**DIRECTIONS FOR THIS TASK**
Using the data that follows, give again word for word the lines between the one holding "HXV - Living" and the one holding "Канцелярия 225", inclusive. Omit the pictures.

(Pictures with short captions)
##########

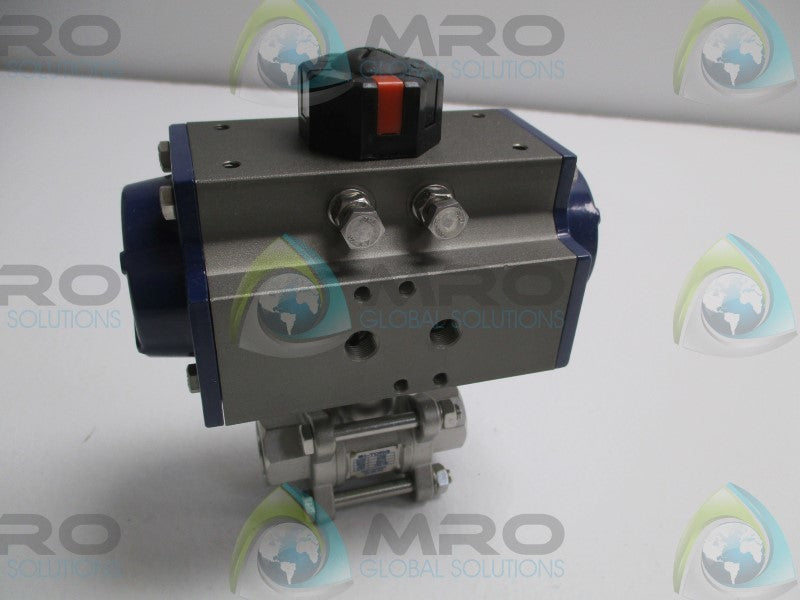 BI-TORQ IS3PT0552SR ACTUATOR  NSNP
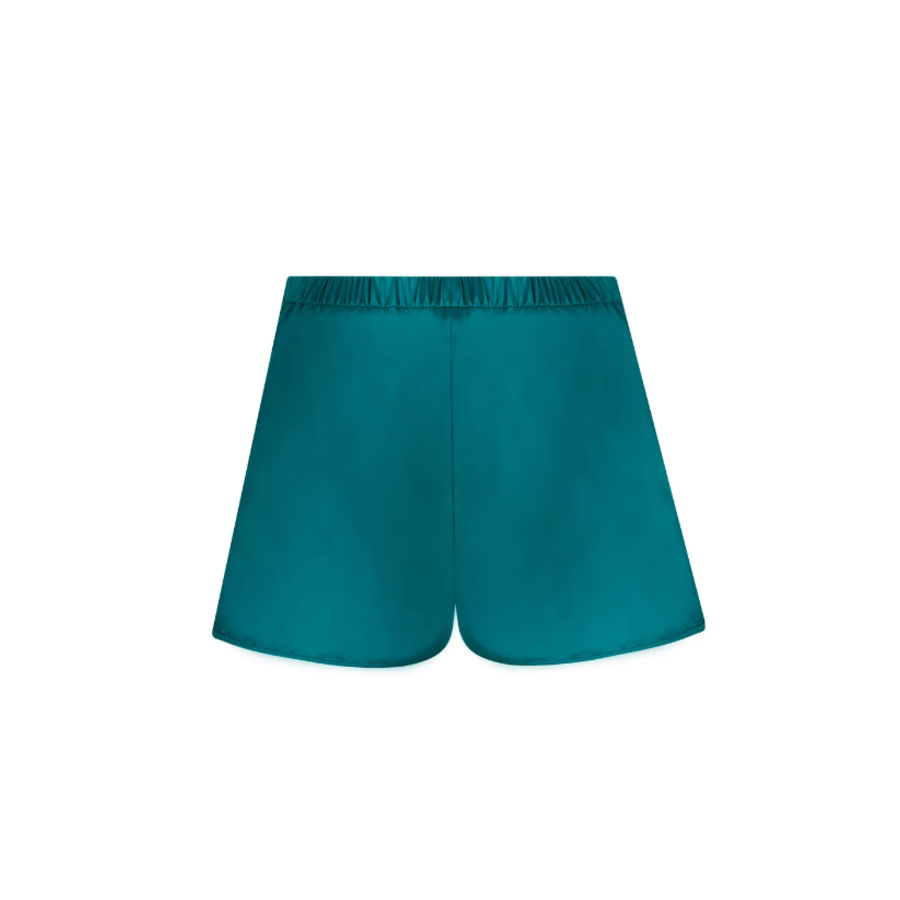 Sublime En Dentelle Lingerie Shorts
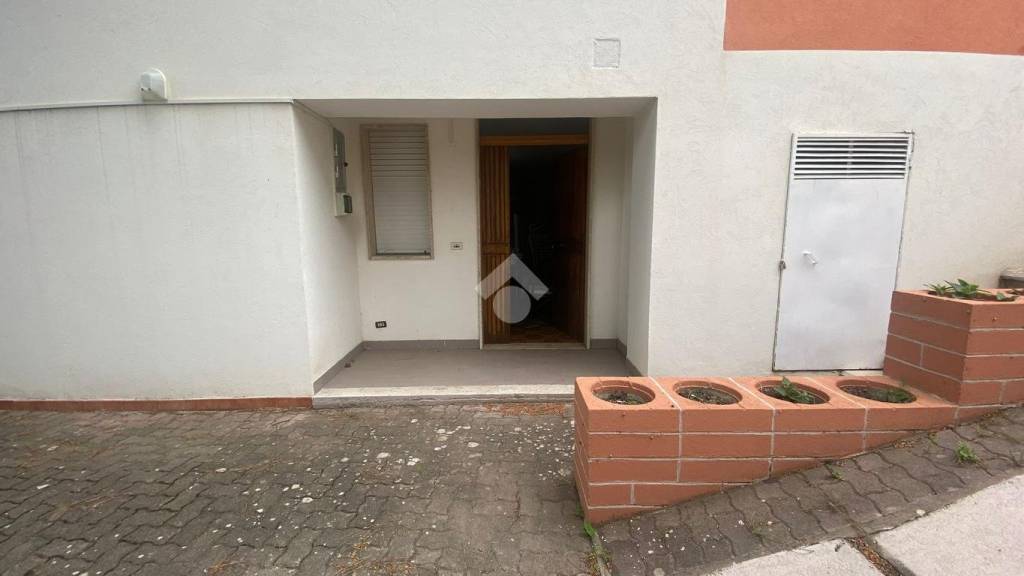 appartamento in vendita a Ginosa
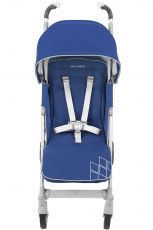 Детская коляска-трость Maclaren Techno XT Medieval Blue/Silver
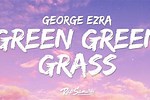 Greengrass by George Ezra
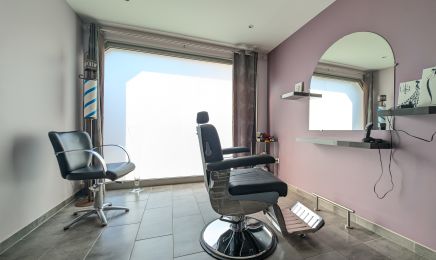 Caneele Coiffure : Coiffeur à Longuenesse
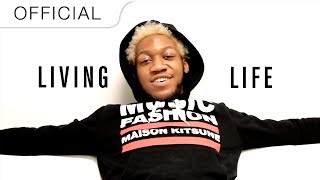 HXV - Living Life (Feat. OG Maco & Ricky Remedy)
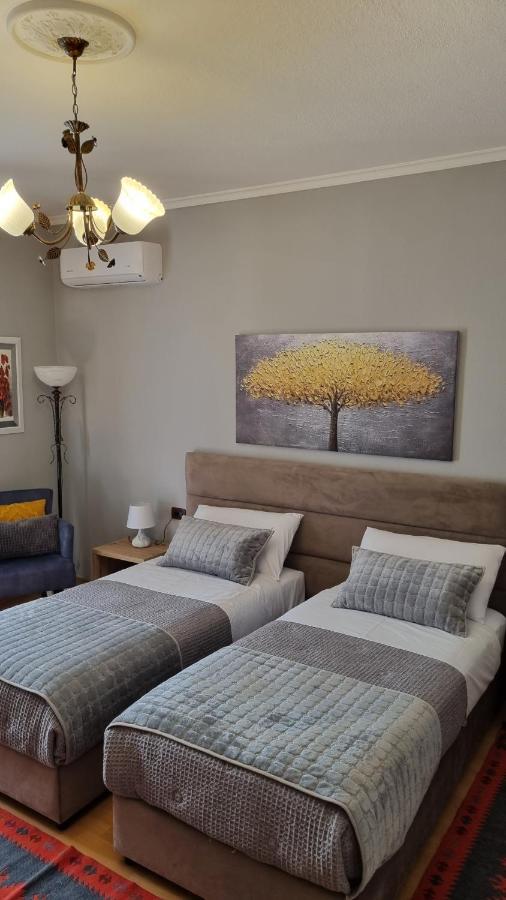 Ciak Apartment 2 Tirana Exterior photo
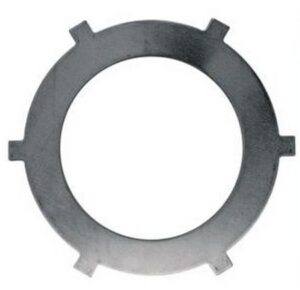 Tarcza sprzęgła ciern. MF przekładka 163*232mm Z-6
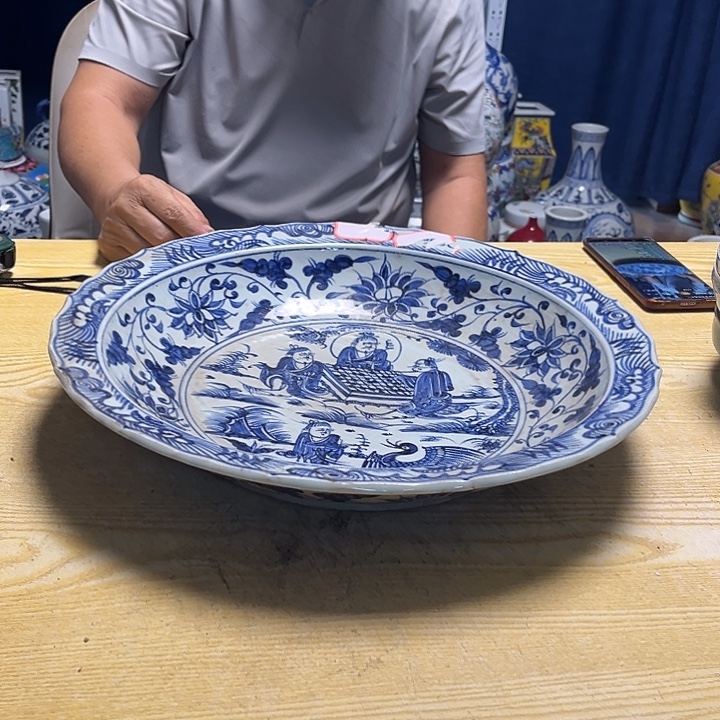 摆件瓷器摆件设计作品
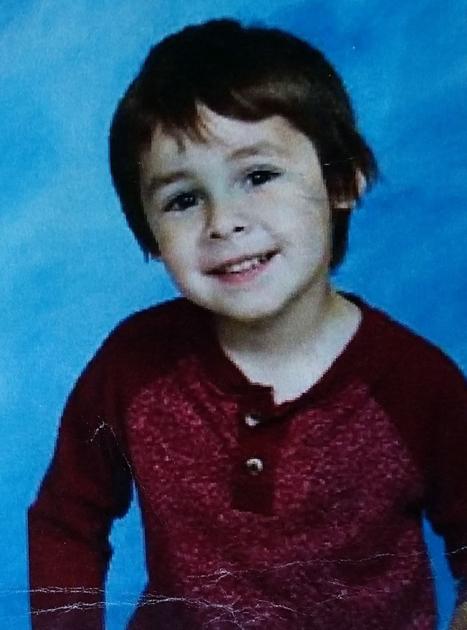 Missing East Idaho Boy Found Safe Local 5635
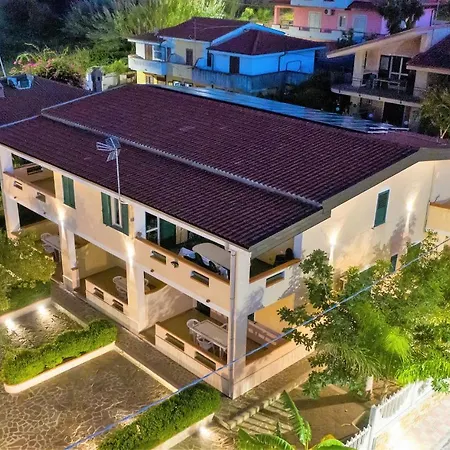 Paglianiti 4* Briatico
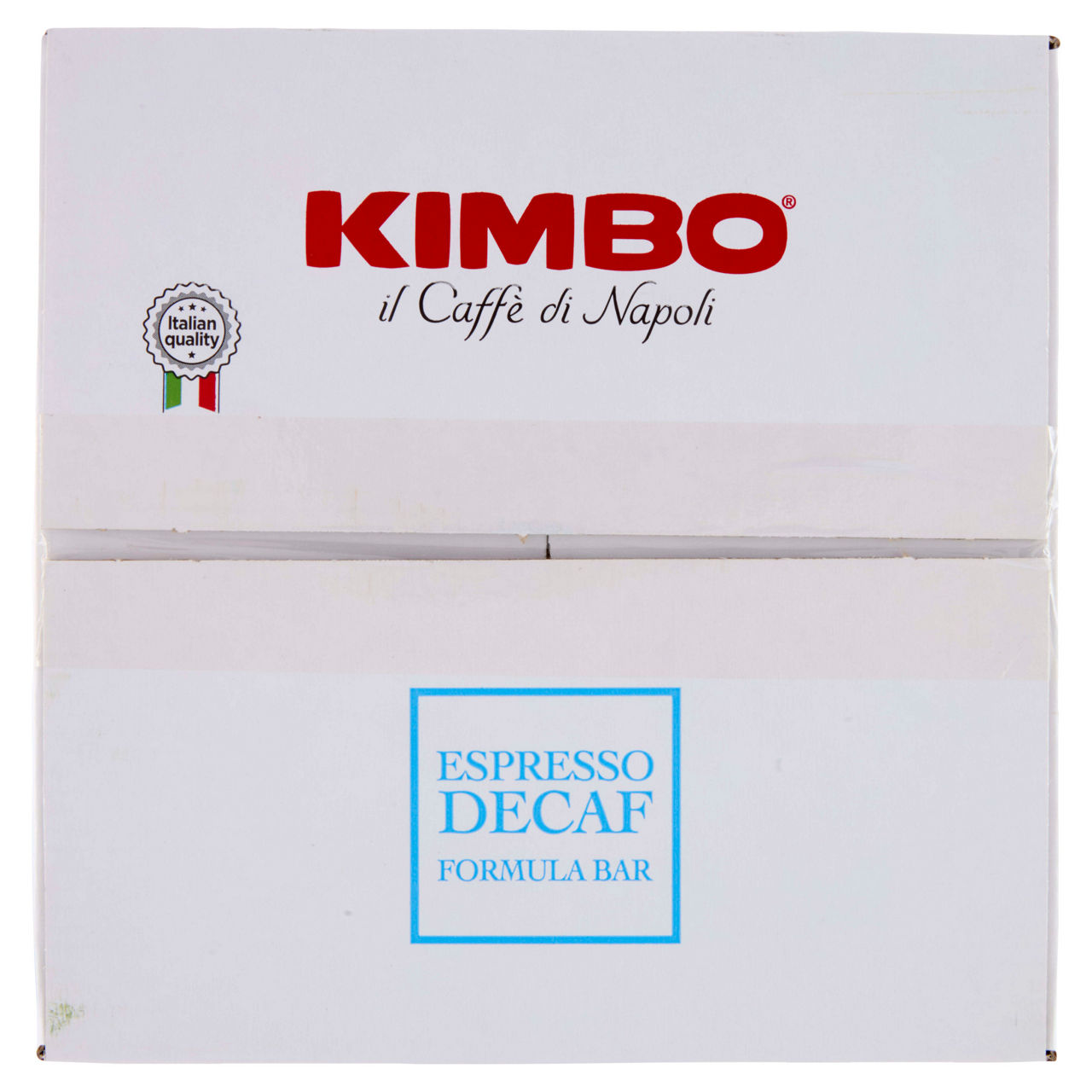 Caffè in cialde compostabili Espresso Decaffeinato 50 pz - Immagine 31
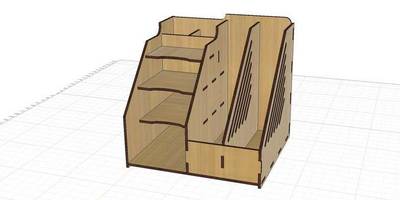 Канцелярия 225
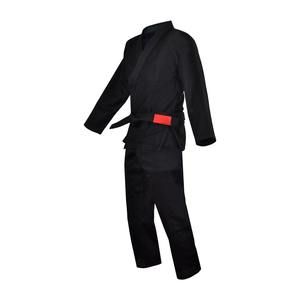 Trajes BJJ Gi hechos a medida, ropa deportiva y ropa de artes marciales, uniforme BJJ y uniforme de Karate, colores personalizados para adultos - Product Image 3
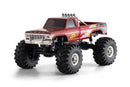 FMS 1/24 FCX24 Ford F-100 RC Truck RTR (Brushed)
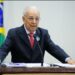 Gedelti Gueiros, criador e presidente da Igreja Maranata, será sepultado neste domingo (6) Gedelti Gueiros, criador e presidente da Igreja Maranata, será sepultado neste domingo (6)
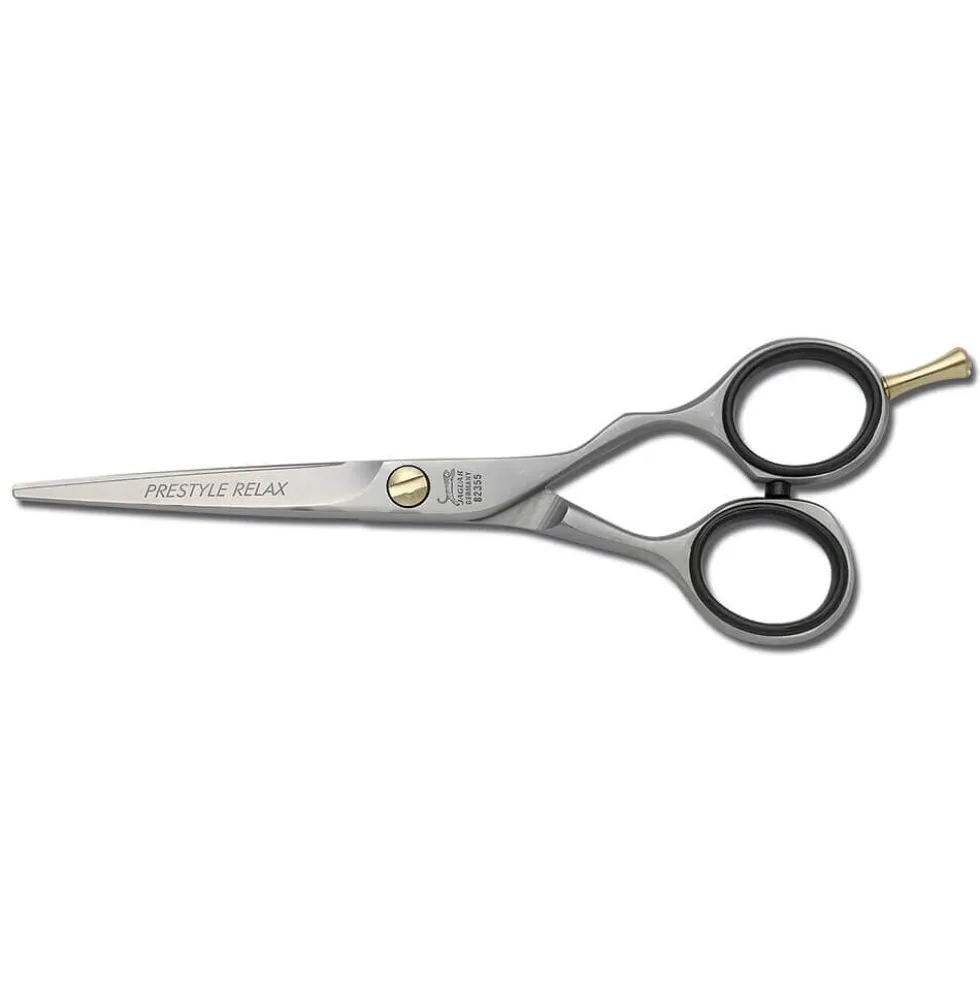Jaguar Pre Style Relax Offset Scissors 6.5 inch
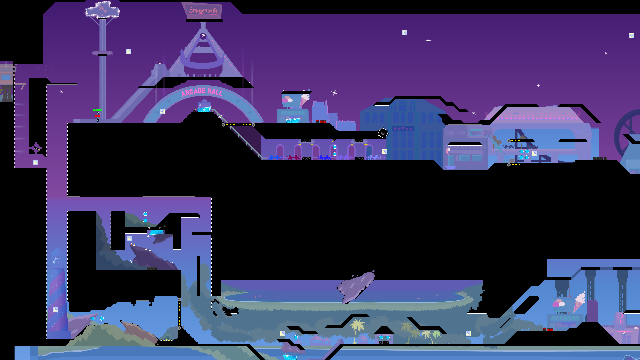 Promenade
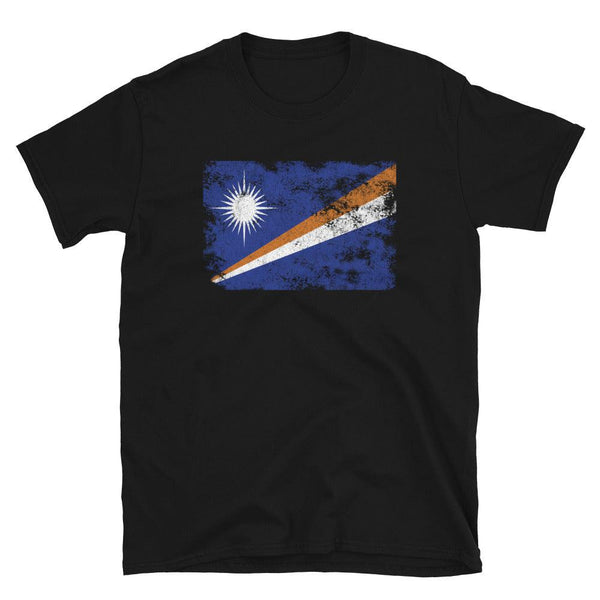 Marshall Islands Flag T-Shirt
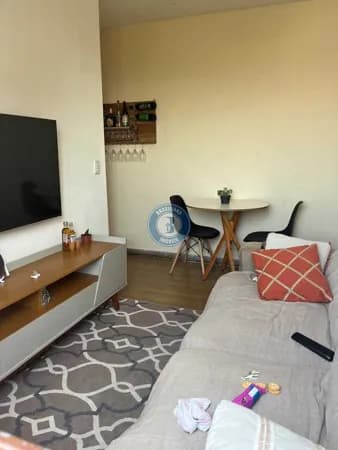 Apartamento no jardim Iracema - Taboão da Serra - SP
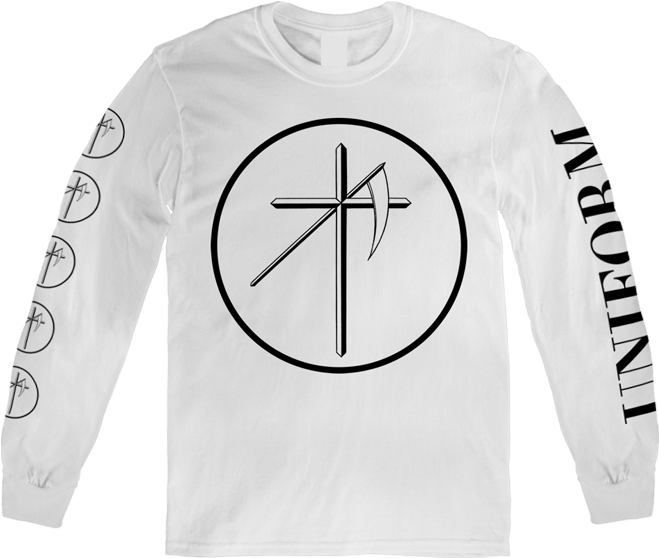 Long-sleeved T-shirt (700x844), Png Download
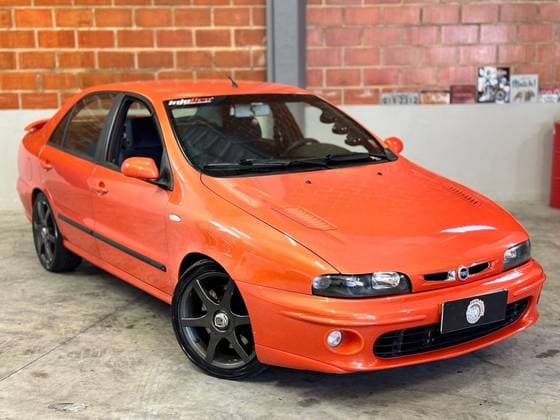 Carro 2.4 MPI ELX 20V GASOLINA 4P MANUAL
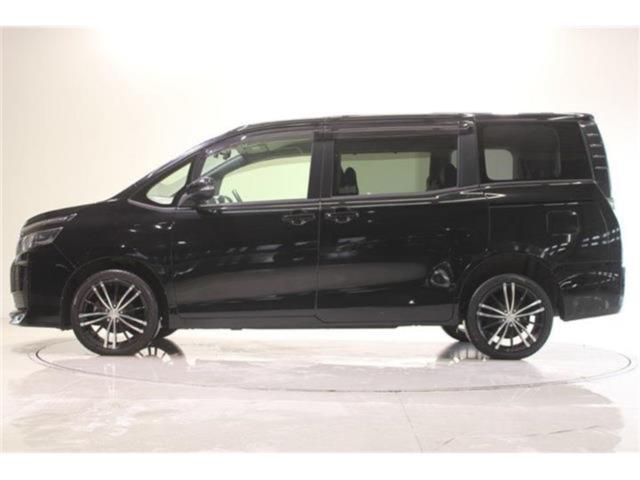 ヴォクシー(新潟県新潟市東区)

##########

**ANSWER TO THIS EXERCISE**
 HXV - Living Life (Feat. OG Maco & Ricky Remedy)
 Ciak Apartment 2 Tirana Exterior photo
 Tarcza sprzęgła ciern. MF przekładka 163*232mm Z-6
 摆件瓷器摆件设计作品
 Missing East Idaho Boy Found Safe Local 5635
 Paglianiti 4* Briatico
 Caffè in cialde compostabili Espresso Decaffeinato 50 pz - Immagine 31
 Канцелярия 225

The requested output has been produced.